Oral Testimony of Joseph J. Romm

Mr. Chairman, members of the Committee. Thank you for inviting me to testify. I’m a physicist, former acting assistant secretary of energy, and climate expert who runs the blog ClimateProgress.

Four score and seven years ago our grandfathers and grandmothers were enjoying life in the roaring 20s.

Now imagine you are in Congress back then and imagine that the nation’s leading scientists are warning that human activity – years of bad land management practices – has left our topsoil vulnerable to the forces of the wind. And that the next time a major drought hits, much of our farmland will turn to dust. Dust in the wind.

YOU WOULD TAKE ACTION.

Over the past two decades, the nation’s leading scientists have issued stronger and stronger warnings that human activity – burning fossil fuels and deforestation – will lead to longer and stronger droughts that dry out topsoil and timber, creating the conditions ripe for multiple, multi-decade Dust Bowls and wildfires.

In fact, we’re already topping Dust Bowl temperatures in many places – and the Earth has warmed only about 1 degree Fahrenheit since the 1930s Dust Bowl. Yet we are poised to warm some 10 degree Fahrenheit this century if we stay on our current path of unrestricted carbon pollution emissions.

I repeat, several studies now project the world may warm 10 degree Fahrenheit this century if we don’t act. And that is the average warming of the globe. Much of our country would see far higher temperatures. The recent heat wave would be considered a pleasantly, cool summer.

Another study looked at mid-century warming of just 2 degrees Fahrenheit. It found that wildfire damage in many of your home states — Utah, Colorado, Idaho, South Dakota, Nevada and Washington – would double, triple, even quadruple from current levels.

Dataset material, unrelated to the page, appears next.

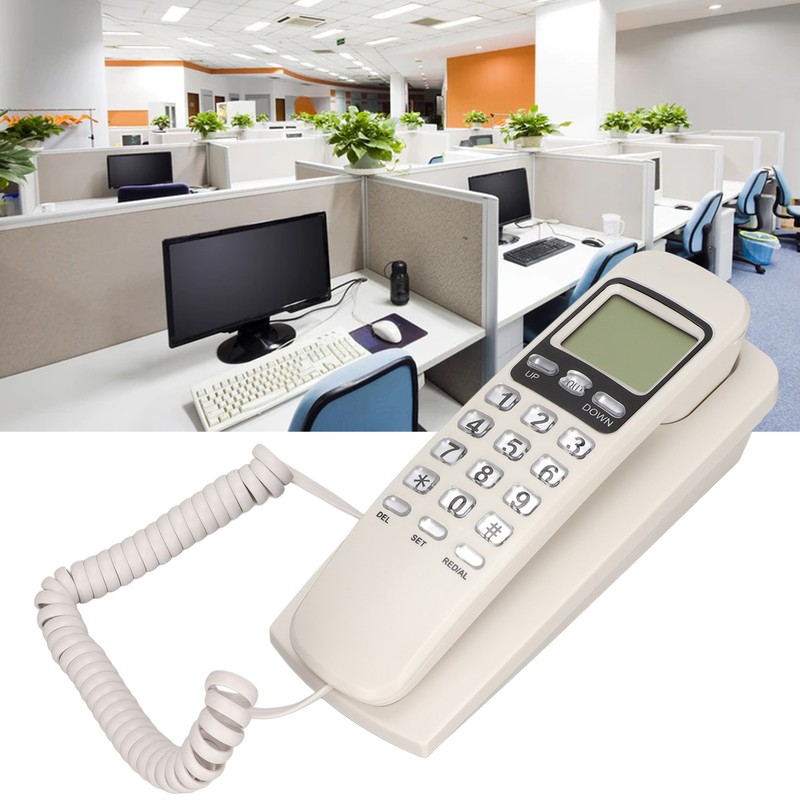 Wired Wall Phone Multifunctional Calendar LCD Display Caller ID Landline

Imagine how big the government would have to be to deal with rampant wildfires and with a Dust Bowl choking the bread basket of the world. A lot bigger government than today, for sure.

So of course this great deliberative body is debating various bills to avoid this catastrophe by slashing carbon pollution.

Except it isn’t. We are here discussing bills aimed at “fuels treatment” – a euphemism for cutting down trees and using controlled burns.

Ignoring carbon pollution and focusing instead solely on fuels treatment to address the epidemic of bark beetles, the epidemic of drought, the epidemic of wildfires is like rearranging deck chairs on the Titanic. Or, more precisely, it is like burning some of the deck chairs and removing some of the umbrellas on the Titanic. Same outcome, more time wasted.

As I explained in the journal Nature last year, what we are discussing here today is the single most important question facing the nation: Can we prevent the extreme drought and wildfires ravaging the country today from becoming the new normal?

But the real question — and I am addressing myself to the members of the majority now – is how you want to be remembered. Do you want to be remembered as a Herbert Hoover, who sat by and did nothing in the face of obvious calamity, or as Abraham Lincoln, who took every measure to save the Union?

Lincoln said at Gettysburg “The world will little note, nor long remember what we say here, but it can never forget what they did here.” That of course wasn’t true. But after testifying to Congress nearly a dozen times since 1995 (when I was principal deputy assistant secretary of energy), I am quite convinced that nobody remembers what we say here – and in the case of these bills, everyone will forget what you did here.

Are you Nevil Chamberlain — Or will you be Winston Churchill, who worked tirelessly to warn and prepare Britain for what was coming and told the House of Commons in 1936 “The era of procrastination, of half-measures, of soothing and baffling expedients, of delays, is coming to its close. In its place we are entering a period of consequences.”

The consequences are here, now, just as climate scientists predicted.

If we fail to take action, many scientists predict ruin for large parts of this country – ruin for large parts of your districts – ruin that lasts 50 generations.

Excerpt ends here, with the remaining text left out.